Throughout the teaching and other interactions, technical terms were kept to a minimum (staccato, legato, and retrograde were occasionally used as shorthand for a definitional phrase), and given no in-depth elaboration (e.g., ‘modulation’, method 14). To attempt to give a flavour of these fairly simple methods for a non-musician, we elaborate here slightly on items 5 and 10. Item 5 requests a gradual increase or decrease in performed loudness. With the digital piano keyboard, this is achieved by striking the key with changing velocity, which digitally mimics the effect of a piano hammer hitting the strings with different speeds: faster keyboard depression being louder. For this to be a gradual change in loudness requires quite refined physical control to be developed. With the iPad, a different system is required, where control is by the point of finger impact (from bottom to top of the landscape screen, soft to loud) on the portion of the screen corresponding to the chosen note (20 notes are available in our system, arranged L to R across the screen as shown in Fig 1). So an increase in volume is achieved by gradually moving the attack point up the screen, and vice versa for a decrease. This requires a different kind of dexterity from that on the digital piano keyboard: for example, the fingers can be turned away from being at right angles to the bottom edge of the screen, and/or they can be moved between attacks. Item 10 requires short notes. This means on both instruments that a note is attacked and sounded by touch, and then released quickly (decaying quickly to silence) rather than being held down for a while (which sustains the sound).

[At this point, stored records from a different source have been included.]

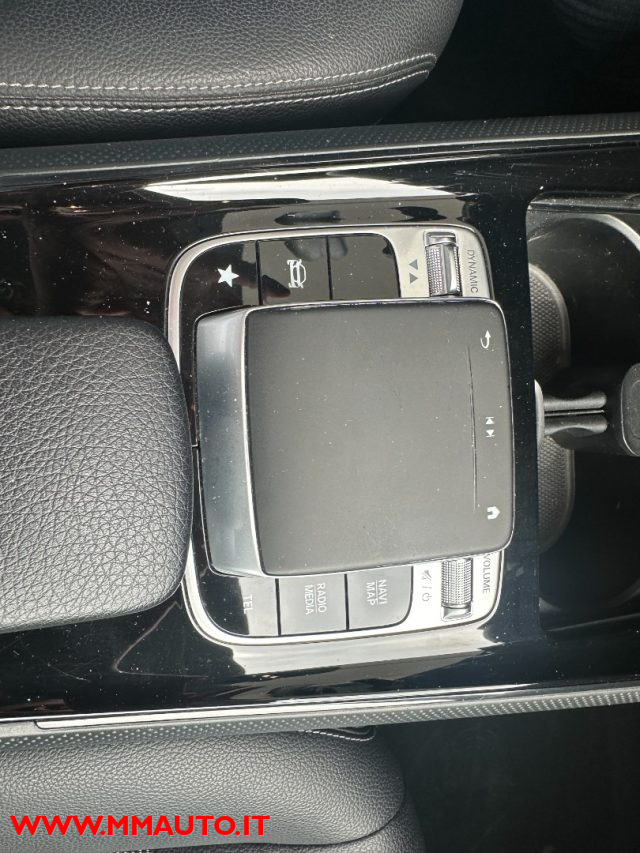 MERCEDES-BENZ B 200 usata, con Specchietti laterali elettrici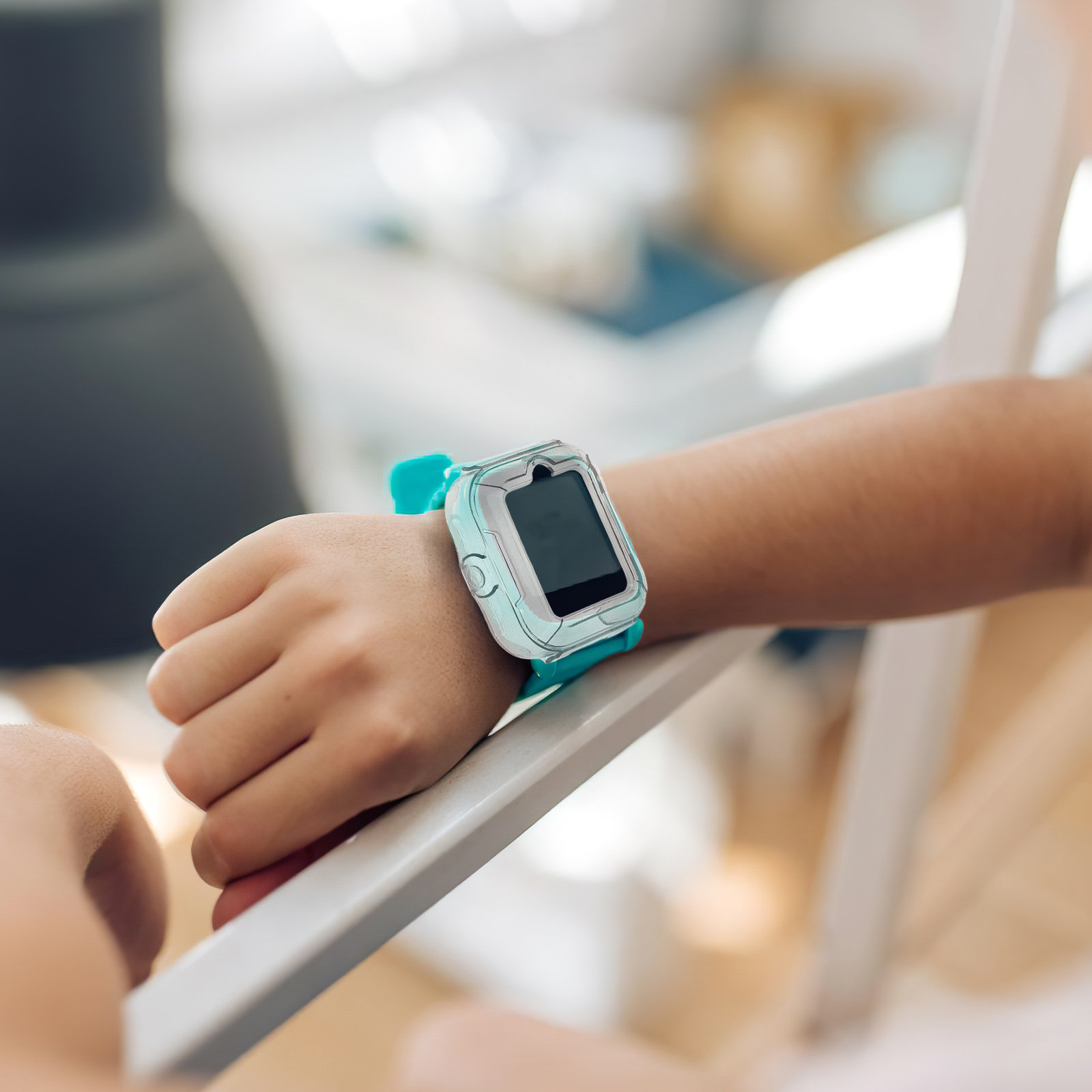 Protector de parachoques para  - Smartwatch Case reseña y precio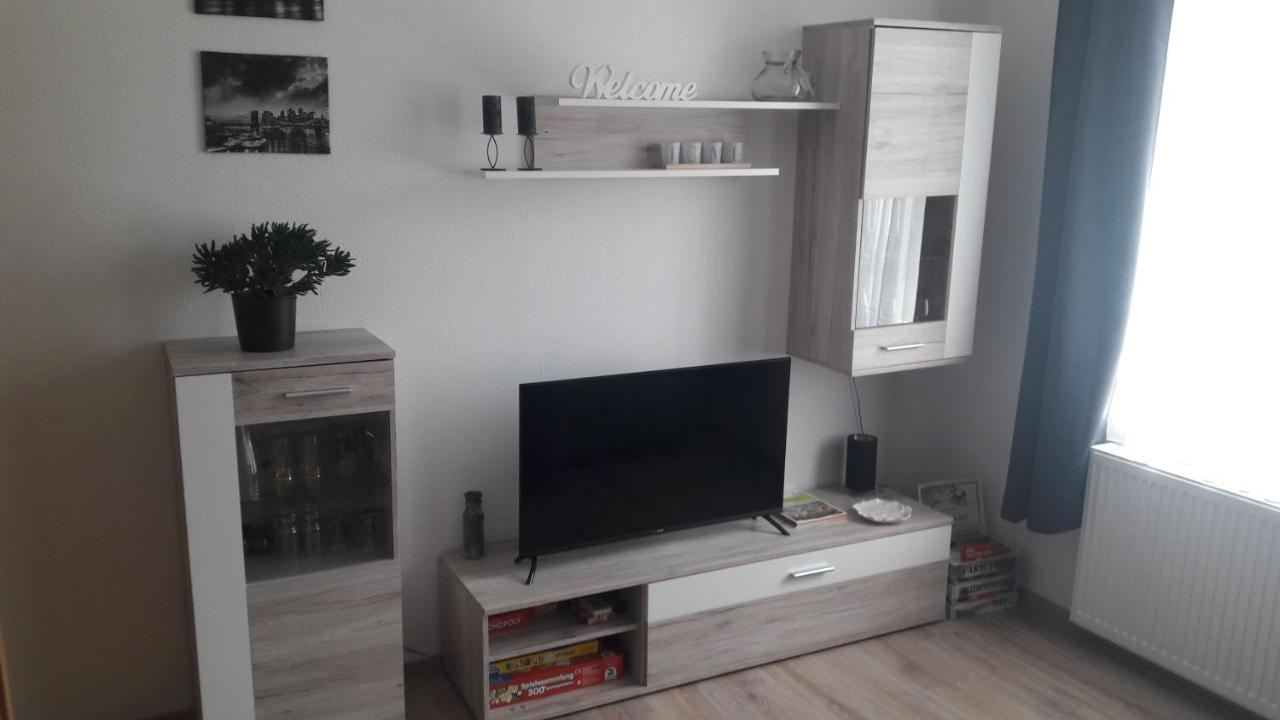 Ferienhaus Renate 7 Thale Dış mekan fotoğraf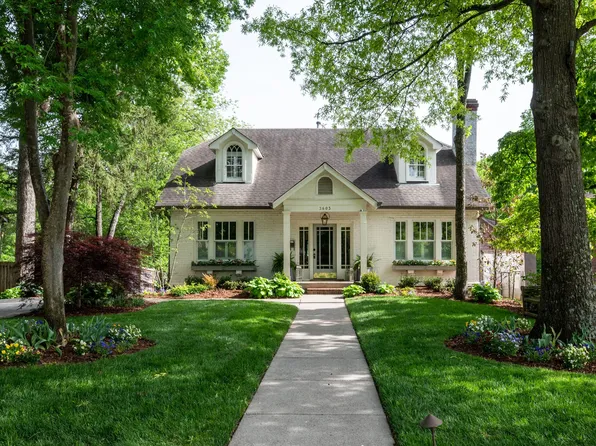 3603 Meadowbrook Ave, Nashville, TN 37205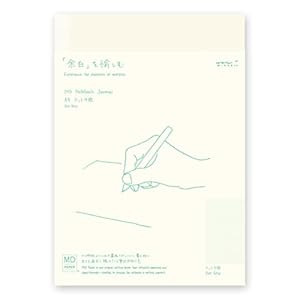 Midori MD Notebook A5 Punktraster Notizbuch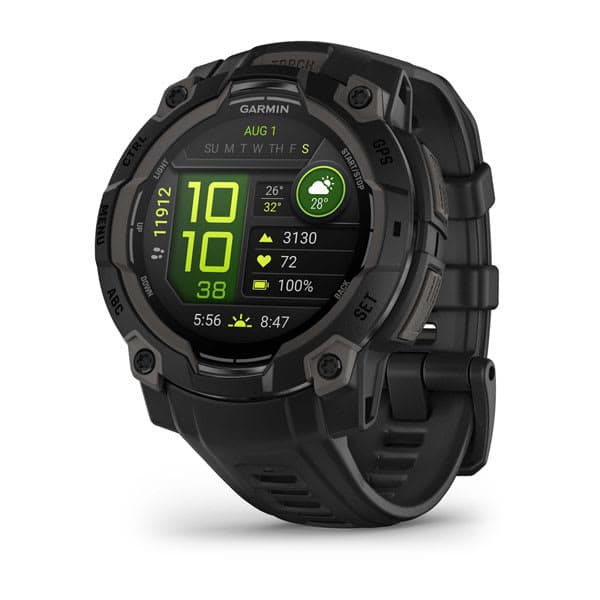 Garmin Instinct® 3 – 45 mm, AMOLED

The repeated cognitive and motor function measures, and the qualitative interview data (see Fig 1) are not largely discussed here, but some of the included musical measures and questions were 1) a Pitch Direction Task—used to encourage people with difficulties in this respect to undertake self-driven training [28]; 2) three open-ended questions used to elicit responses on Musical Possible Selves [1], to be discussed elsewhere; and 3) three items from the Goldsmiths Musical Sophistication Index (henceforth GMSI). These items were the Self-report questionnaire [10], the Melodic Discrimination Test, MDT [29] and the Computerised Adaptive Beat Alignment Test, CA-BAT [30]. MDT measures whether a participant can distinguish two melodies presented in rapid succession, while CA-BAT considers whether a metronome pulse is aligned with accompanying music. MDT and CA-BAT were each used with default settings.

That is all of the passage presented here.